Investors, collectors and dealers forked out nearly $1.2-billion (U.S.) last week – far above industry expectations – for a handful of illustrious names at the fall contemporary art auctions in New York. A 1969 tryptych by late British artist Francis Bacon fetched the top price – a staggering $142.2-million, way beyond its pre-sale estimate of $85-million. Bidding on an Andy Warhol painting topped out at $105.4-million, another record. And famous living artists aren't doing badly either. A colourful sculpture by Jeff Koons went for $58.4-million, the largest sum ever paid at auction for work by someone still breathing. "For a moment last night, I thought I was in the commodities market," one collector told Bloomberg after an auction at Christie's.
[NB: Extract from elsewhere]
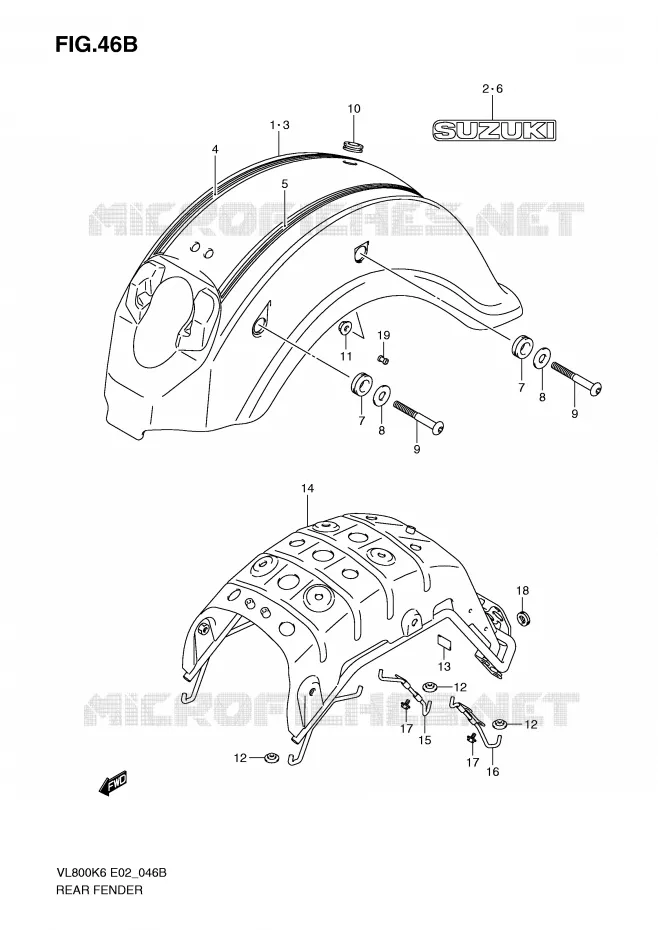 ACHTERSPATBORD (MODEL K9) Suzuki MOTO 800 VOLUSIA 2008  VL800UEK8(E2)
It's worth noting that the last record for a Bacon was an impressive $86.3-million in 2008. Ron DeLegge, editor of ETFGuide.com, has done some work on what he calls the Francis Bacon Indicator. From the time of the previous record Bacon deal in May, 2008 to the end of that annus horribilis, the S&P 500 plunged 36.2 per cent. A similar drop this time, he says, would take the benchmark index back to prices last seen in 2010.

Art market experts, just like their counterparts in commodities, real estate, stocks and bonds, insist this is no bubble: The market is healthy, demand is growing and supply is limited. Not even sales of six works last week by avid collector Steve Cohen, whose once high-flying hedge fund must pay penalties of $1.8-billion to settle government charges of illegal trading, was enough to dampen auction prices.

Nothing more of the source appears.